Farmers start bagging technology on guava in N-region
Published : Thursday, 2 July, 2015,  Time : 12:00 AM,  View Count : 21
RAJSHAHI, July 1: For the first time in the region, the growers have started using fruit bagging technology in guava orchards in Rajshahi and Chapainawabgonj commercially during the current pre-harvest season to protect the cash crop from pest attack besides getting quality yield.
Earlier, they have used the modern technology in some of the mango orchards attaining significant success in this regard.
According to the sources of Department of Agriculture Extension (DAE), there are huge guava trees of different ages and varieties on some two lakh hectares in the region with creation of many more new more orchards and increased guava farming in the homesteads in recent years.
If the bags were used substantially, use of harmful chemical insecticides and pesticides could be reduced to a greater extent on the huge trees. Thereby, the technology will open up a new door of exporting mango of the two districts, famous for the fruit, to various foreign markets.
Scientists of Regional Horticulture Research Center (RHRC) in Chapainawabgonj have released the technology among the growers this year after attaining a remarkable success in mango this year.
Already, a private organization procured the specialized bags from China for supplying to the farmers at a cost of Tk 3-4 per bag.
Referring to his research findings Dr Saraf Uddin, Senior Scientific Officer of RHRC, told the local journalists that bagged fruits had high recovery of marketable fruits over the non-bagged ones.
Imported newspaper, thin waxy magazines and thick waxy magazines resulted in fruits having the highest marketable yields in different seasons.
Brown paper bags and local newspaper with lorsban-impregnated plastic strips were also found promising. However, results showed that the highest material and labor cost per 100 fruits was recorded on brown bag materials.
Besides, the materials can help reduce insect and disease damage and minimize quality defects of mango fruits. However, source and availability of these materials need to be considered.
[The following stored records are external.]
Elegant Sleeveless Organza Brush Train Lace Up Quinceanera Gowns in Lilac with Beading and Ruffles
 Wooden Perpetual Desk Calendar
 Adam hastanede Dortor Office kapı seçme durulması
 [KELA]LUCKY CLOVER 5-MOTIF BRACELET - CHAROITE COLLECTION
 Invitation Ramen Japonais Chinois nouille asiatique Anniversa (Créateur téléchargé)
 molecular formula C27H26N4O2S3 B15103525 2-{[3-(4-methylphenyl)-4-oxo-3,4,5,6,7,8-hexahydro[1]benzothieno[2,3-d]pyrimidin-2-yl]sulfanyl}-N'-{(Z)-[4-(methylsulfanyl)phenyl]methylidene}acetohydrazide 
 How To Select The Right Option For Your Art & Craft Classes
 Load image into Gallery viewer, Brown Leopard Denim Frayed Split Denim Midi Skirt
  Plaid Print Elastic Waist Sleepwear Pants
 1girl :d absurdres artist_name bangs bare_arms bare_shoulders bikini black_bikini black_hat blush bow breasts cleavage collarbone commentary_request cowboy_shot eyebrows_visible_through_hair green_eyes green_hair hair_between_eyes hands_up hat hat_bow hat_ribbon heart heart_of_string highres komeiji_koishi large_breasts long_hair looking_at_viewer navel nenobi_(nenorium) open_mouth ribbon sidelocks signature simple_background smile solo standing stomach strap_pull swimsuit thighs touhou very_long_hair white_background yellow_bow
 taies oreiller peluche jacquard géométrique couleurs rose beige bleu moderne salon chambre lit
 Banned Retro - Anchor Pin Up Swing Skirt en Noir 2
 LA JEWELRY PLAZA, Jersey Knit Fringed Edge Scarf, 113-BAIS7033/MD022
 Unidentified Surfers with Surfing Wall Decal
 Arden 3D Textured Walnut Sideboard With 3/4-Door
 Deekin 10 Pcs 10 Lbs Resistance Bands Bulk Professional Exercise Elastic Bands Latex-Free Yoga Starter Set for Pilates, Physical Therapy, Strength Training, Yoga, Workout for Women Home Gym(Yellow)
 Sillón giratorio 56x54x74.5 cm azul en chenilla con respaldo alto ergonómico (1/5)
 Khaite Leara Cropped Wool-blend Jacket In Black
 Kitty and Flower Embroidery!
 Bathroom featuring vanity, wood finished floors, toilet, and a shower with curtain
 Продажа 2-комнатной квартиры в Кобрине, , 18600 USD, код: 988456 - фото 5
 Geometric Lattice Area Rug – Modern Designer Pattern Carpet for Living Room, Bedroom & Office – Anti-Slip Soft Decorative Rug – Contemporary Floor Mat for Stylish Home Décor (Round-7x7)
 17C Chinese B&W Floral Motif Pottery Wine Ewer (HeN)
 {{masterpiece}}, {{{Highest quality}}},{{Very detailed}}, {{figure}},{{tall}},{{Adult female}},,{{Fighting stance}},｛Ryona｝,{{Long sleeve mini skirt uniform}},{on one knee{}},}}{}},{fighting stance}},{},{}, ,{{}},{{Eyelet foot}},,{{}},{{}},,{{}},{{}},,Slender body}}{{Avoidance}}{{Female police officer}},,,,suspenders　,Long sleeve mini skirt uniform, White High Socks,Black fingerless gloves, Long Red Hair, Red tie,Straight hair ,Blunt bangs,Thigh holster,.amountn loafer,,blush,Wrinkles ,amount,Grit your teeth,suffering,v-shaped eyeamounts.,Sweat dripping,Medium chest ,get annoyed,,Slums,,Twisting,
Brown paper bags and local newspapers are recommended only during dry season since these materials are easily destroyed during rainy days.
Dr Safar says pre-harvest fruit bagging is a useful approach for plant protection and improved post-harvest fruit quality as bagging of guava fruits for lower insect and disease damage in fruits
This is a well-known practice in many of the fruit-producing countries but information is lacking on its effects on the external and internal characteristics of the fruits, the appropriate bagging materials and the economics of its adoption.
Bagging with different paper materials resulted in fruits with lower insect and disease damage and minimized fruits quality defects. Thick waxy magazine significantly prevented fruit fly damage with infestation ranging from zero to less than one percent.
Dr Alim Uddin, Principal Scientific Officer of Fruit Research Station in Rajshahi, says guava is one of the commercially important fruit crops in the region but the important cash crop is prone to attacks of insect pests and diseases in all stages of development. In this field, the technology has created a high hope among the growers and traders towards removing the menace.
One management practice which can help address these problems is fruit bagging because it is another way of preventing contact between the host and insects and diseases as well as minimize mechanical injuries thus improving quality.
The initiative aimed to determine which of the bagging materials and forms gave the best quality of fruits, determine the effect of the bagging materials and forms on pest incidence and find out which of the bagging materials and forms gave the highest yield and net income.
If the technology was used, there will be no spot on guava in the bagged ones. Besides, the fruit could be protected from all kinds of diseases and pests that will boost the volume of exportable guava.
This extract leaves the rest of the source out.